The tape was "five level," meaning five holes - Baudot code, still used by hams today. Of course, 2 to the fifth power is only 32 - not enough for 26 letters plus numbers and punctuation marks. So we had CR and LF Carriage Return and Line Feed, plus LTRS and FIGS. It was fun seeing a major chunk of the machine jump up so that numbers would be struck and then drop back down when it went back to typing letters (upper case only). That Clunk Clunk was part of the charm.. Long ago both AT&T and Western Union offered Teletypewriter service - in the Bell System we called it TWX -TeletypeWriter Exchange (pronounced Twix) initially an operator would effect the connections, later the system was upgraded to "DTWX" in which users could dial the number to which they wanted to "Send a Twix." Part of the language in those days - instead of telling a secretary to "send a Fax" one might say, "Send a Twix." Sometime in the 1960s things were converted to "8 Level," which allowed upper and lower case, punctuation marks, numbers, etc. It was pretty much the ASCII code we all use with our computers and Internet communication today. This conversion resulted in a ton of old five-level machinery being made surplus - to the great joy of us hams!
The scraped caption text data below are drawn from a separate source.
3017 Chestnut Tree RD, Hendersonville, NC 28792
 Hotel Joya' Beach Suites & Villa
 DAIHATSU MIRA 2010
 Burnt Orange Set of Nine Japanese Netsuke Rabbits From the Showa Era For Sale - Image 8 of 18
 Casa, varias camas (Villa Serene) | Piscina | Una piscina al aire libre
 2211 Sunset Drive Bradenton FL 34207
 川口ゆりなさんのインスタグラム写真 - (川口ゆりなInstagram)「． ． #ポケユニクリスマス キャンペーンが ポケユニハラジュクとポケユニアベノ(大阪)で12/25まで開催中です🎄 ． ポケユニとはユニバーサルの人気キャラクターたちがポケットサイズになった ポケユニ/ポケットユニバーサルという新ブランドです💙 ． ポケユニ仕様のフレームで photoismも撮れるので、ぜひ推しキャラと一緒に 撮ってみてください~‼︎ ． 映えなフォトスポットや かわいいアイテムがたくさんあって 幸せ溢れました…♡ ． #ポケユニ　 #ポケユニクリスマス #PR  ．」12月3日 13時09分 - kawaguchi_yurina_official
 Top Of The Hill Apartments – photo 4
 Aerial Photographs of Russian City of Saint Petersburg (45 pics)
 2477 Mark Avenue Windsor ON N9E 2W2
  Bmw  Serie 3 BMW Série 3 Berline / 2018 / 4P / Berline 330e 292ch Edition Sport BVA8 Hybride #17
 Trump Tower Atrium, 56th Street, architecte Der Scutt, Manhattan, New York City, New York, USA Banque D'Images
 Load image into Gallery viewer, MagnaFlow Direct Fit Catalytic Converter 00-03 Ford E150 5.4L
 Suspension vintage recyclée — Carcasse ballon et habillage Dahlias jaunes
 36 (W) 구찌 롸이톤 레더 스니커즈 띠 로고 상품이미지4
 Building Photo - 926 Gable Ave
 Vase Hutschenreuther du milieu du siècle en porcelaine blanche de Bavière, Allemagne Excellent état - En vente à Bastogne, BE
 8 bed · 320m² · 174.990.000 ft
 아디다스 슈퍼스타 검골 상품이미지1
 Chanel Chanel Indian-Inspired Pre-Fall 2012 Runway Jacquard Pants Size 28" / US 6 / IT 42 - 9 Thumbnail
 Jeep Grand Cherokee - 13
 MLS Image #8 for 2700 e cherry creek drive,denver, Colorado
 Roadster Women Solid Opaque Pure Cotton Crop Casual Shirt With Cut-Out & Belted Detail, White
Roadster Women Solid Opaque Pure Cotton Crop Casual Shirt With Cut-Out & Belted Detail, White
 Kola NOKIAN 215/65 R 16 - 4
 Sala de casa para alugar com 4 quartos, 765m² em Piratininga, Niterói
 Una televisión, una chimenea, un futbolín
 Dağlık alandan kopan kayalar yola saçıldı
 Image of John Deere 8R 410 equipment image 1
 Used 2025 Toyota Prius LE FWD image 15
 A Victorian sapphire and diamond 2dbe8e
Like most hams, I transmitted FSK by using diode switching to bridge a variable capacitor into the VFO circuit to shift the frequency, to send Mark and Space signals. By the way, the test signal was RYRYRYRY.... that resulted in continuously alternating mark and space symbols, the most difficult for the machine to deal with. While receiving an RYRYRY string, one could move a little lever back and forth to find the spot in which the machine most faithfully printed RYRY. If perchance the machine was in FIGS mode rather than LTRS, it would print 46464646... For receiving, many hams built home brew TUs - Terminal Units. QST and the Handbook had articles in aid of that. At one point I bought a commercially made TU, which worked great. It even had a relay and an AC outlet on it for Autostart - you could plug in the Model 15 and, if the TU detected a steady signal, it would turn the machine on.. For a while in the early '70s, several of us in our radio club would leave our radios set on 3600khz all day long, with Autostart-capable TUs, and often we'd come home from work and see that a couple of feet of paper had come out of the printer, with messages from other club members. (more than once some sort of random noise had triggered the relay and there would be MANY feet of paper on the floor!)
Ah, that was all fun! And I'm afraid it kinda spoiled me. Doing it with a computer just ain't the same, and I don't do it. Nor do do any of the other digital modes anymore. But to each his own!